What does Softened Water Taste like? August 2, 2020 17:30
What does Softened Water Taste like?
Did you know not all water is the same? Water can be classified as either hard or soft, depending on its mineral content. Hard water is water that has a high concentration of dissolved minerals, such as calcium or magnesium. In its pure form (rain water), water does not contain hard water minerals and is naturally soft. These minerals are picked up when water passes through rocks that contain calcium or magnesium, such as limestone. In some cases, hard water is preferred for drinking not just because of the minerals but also the taste.
Soft water, produced by water softeners, contains few or no extra minerals.

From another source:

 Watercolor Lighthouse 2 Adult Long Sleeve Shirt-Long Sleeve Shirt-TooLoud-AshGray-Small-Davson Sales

The taste of softened water is dependent on your incoming water supply. Whatever you are used to is usually the preference. In tests, most people do prefer how softened water tastes in tea and coffee. Contrary to popular belief, the salt in softened water is not bad for you. in fact, there's more salt in a slice of ham than in a gallon of softened water! Any increase in sodium occurs during the softening process, where calcium and magnesium ions are exchanged for sodium ions.
Does soft water taste good?
Which tastes better hard or soft water? For many who have been so accustomed to the taste of hard water growing up, they may find that the soft water produced by the water softener is actually not as tasty. However, because a water softener is removing the calcium and magnesium from the water and replacing it with sodium, it may change the texture, taste or feel of the water and maybe undesirable for some. Soft water not only doesn’t contain minerals, but the softening process can cause the water to taste a bit salty to those with sensitive taste buds, due to the potassium or sodium ions used to eliminate magnesium and calcium.
This is not to say that hard water is healthier for you just because it contains calcium and magnesium. When some people hear how water softeners remove calcium and minerals they think the softening process is taking away important nutrients. After all, calcium and magnesium can benefit things like bone health right?.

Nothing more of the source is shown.